___ SOURCE DATA ___
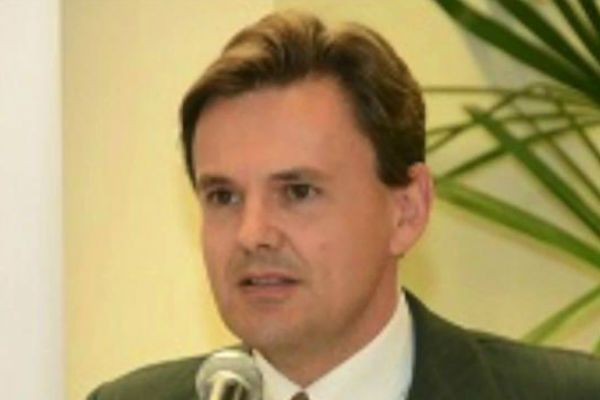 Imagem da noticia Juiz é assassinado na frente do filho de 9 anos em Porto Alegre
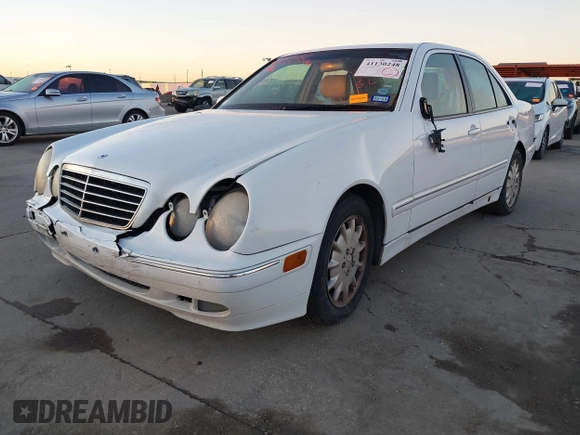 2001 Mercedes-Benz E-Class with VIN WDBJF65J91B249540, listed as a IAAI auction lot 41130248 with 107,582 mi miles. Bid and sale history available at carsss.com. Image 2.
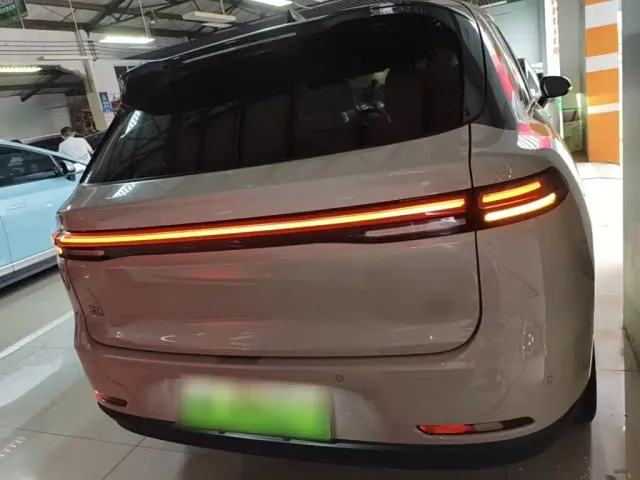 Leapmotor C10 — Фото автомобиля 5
___
Extract all the data above exactly, excluding every picture.

RESULT OF THE TASK:
 Imagem da noticia Juiz é assassinado na frente do filho de 9 anos em Porto Alegre
 2001 Mercedes-Benz E-Class with VIN WDBJF65J91B249540, listed as a IAAI auction lot 41130248 with 107,582 mi miles. Bid and sale history available at carsss.com. Image 2.
 Leapmotor C10 — Фото автомобиля 5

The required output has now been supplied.